**TASK DESCRIPTION**
All the data should be repeated exactly. Any image in it is left out.

**DATA SECTION**
* * * * * * * * *
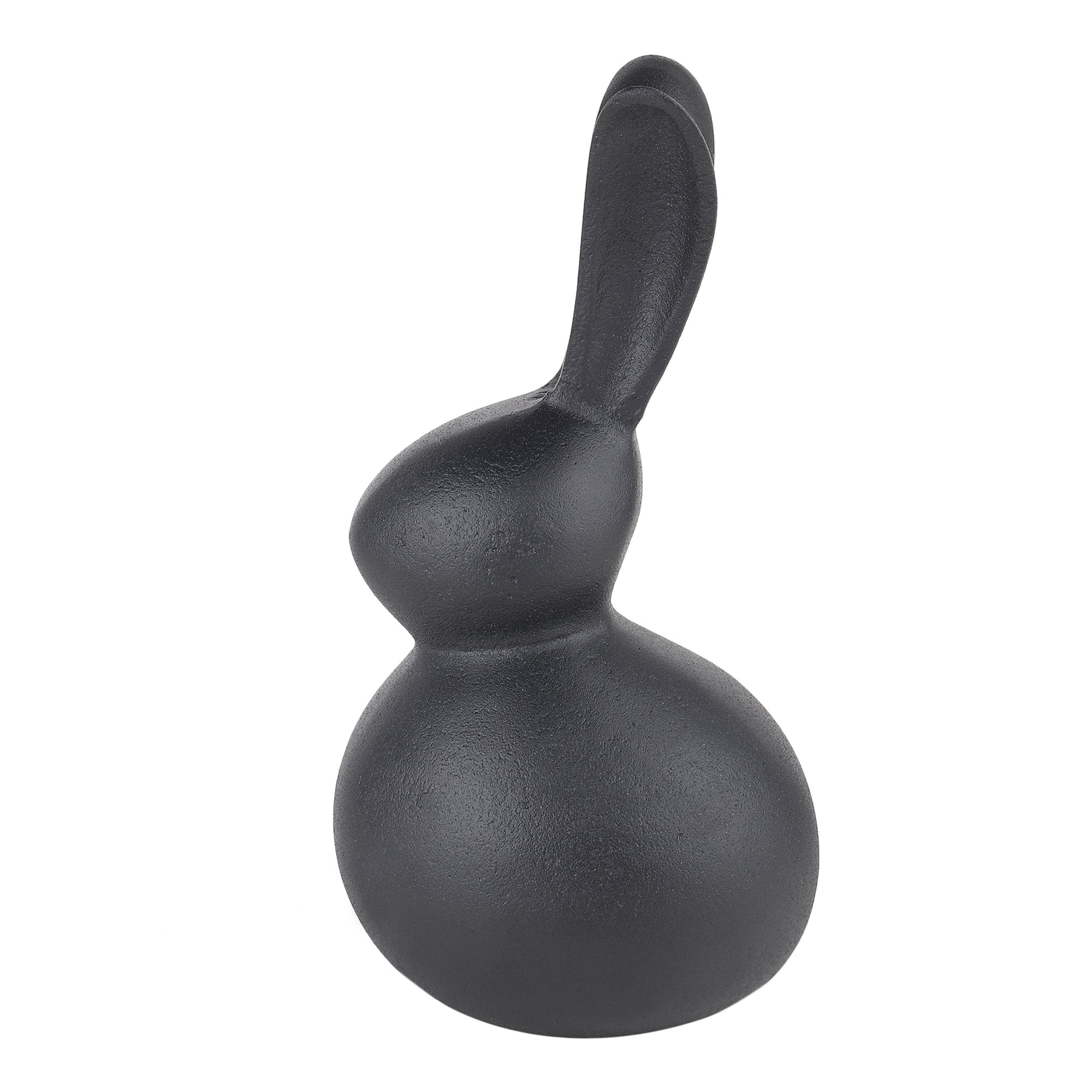 Abstract Hare Sculpture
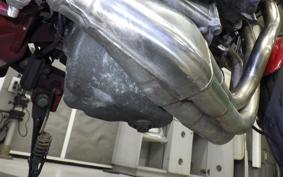 SUZUKI BANDIT 250 V Type 2023 GJ77A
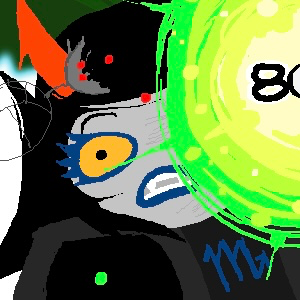 Vriska Serket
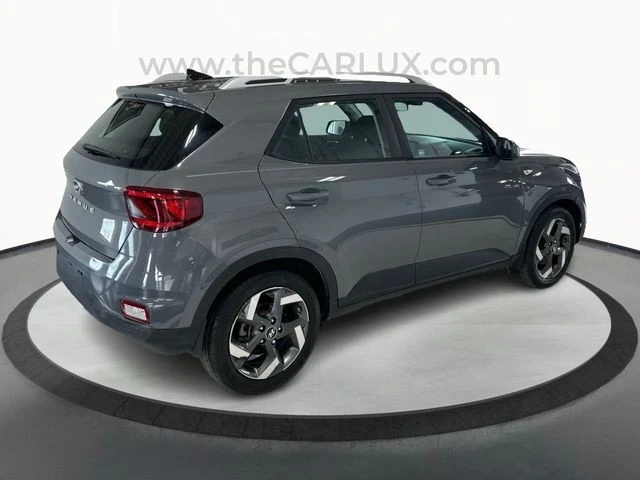2021 Hyundai Venue - Image 7 of 21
* * * * * * * * *
**TASK OUTPUT**
 Abstract Hare Sculpture
 SUZUKI BANDIT 250 V Type 2023 GJ77A
 Vriska Serket
2021 Hyundai Venue - Image 7 of 21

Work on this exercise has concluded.